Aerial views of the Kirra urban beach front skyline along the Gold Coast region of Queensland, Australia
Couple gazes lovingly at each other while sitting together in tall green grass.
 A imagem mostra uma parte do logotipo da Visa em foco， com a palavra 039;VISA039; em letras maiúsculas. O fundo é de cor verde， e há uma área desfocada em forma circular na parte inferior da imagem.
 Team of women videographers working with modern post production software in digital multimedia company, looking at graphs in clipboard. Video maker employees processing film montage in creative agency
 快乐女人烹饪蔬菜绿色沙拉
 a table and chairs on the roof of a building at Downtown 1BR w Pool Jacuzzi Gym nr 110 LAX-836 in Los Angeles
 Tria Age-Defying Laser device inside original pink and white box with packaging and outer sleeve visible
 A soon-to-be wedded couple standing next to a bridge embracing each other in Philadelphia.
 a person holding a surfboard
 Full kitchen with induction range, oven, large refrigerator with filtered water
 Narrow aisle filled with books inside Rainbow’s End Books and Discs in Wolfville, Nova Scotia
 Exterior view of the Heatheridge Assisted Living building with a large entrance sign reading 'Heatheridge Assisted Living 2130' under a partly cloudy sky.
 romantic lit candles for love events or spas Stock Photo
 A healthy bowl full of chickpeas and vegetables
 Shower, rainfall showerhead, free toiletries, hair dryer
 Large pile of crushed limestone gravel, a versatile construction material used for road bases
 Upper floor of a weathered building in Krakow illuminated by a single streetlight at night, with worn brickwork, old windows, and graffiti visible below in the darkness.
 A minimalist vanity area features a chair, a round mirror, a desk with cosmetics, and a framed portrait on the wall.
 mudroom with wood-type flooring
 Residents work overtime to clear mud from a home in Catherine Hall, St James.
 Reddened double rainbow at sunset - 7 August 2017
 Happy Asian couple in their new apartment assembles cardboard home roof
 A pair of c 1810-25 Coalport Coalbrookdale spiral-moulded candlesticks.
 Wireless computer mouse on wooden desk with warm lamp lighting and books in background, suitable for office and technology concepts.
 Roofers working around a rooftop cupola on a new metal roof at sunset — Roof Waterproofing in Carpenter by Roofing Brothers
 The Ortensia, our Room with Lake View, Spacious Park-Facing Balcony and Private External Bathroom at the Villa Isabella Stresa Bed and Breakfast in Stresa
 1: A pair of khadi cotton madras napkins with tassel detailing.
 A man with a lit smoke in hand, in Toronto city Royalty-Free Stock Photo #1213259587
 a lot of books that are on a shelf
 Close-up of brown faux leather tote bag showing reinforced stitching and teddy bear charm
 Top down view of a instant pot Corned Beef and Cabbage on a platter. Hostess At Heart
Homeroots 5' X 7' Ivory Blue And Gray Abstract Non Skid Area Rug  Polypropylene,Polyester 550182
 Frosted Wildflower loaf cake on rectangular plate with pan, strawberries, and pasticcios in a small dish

-.-.-

What is needed: Copy out only the lines of the records above from the one with "Team of women" through the one with "Happy Asian couple", exactly as they stand, both included.

Exercise response:
 Team of women videographers working with modern post production software in digital multimedia company, looking at graphs in clipboard. Video maker employees processing film montage in creative agency
 快乐女人烹饪蔬菜绿色沙拉
 a table and chairs on the roof of a building at Downtown 1BR w Pool Jacuzzi Gym nr 110 LAX-836 in Los Angeles
 Tria Age-Defying Laser device inside original pink and white box with packaging and outer sleeve visible
 A soon-to-be wedded couple standing next to a bridge embracing each other in Philadelphia.
 a person holding a surfboard
 Full kitchen with induction range, oven, large refrigerator with filtered water
 Narrow aisle filled with books inside Rainbow’s End Books and Discs in Wolfville, Nova Scotia
 Exterior view of the Heatheridge Assisted Living building with a large entrance sign reading 'Heatheridge Assisted Living 2130' under a partly cloudy sky.
 romantic lit candles for love events or spas Stock Photo
 A healthy bowl full of chickpeas and vegetables
 Shower, rainfall showerhead, free toiletries, hair dryer
 Large pile of crushed limestone gravel, a versatile construction material used for road bases
 Upper floor of a weathered building in Krakow illuminated by a single streetlight at night, with worn brickwork, old windows, and graffiti visible below in the darkness.
 A minimalist vanity area features a chair, a round mirror, a desk with cosmetics, and a framed portrait on the wall.
 mudroom with wood-type flooring
 Residents work overtime to clear mud from a home in Catherine Hall, St James.
 Reddened double rainbow at sunset - 7 August 2017
 Happy Asian couple in their new apartment assembles cardboard home roof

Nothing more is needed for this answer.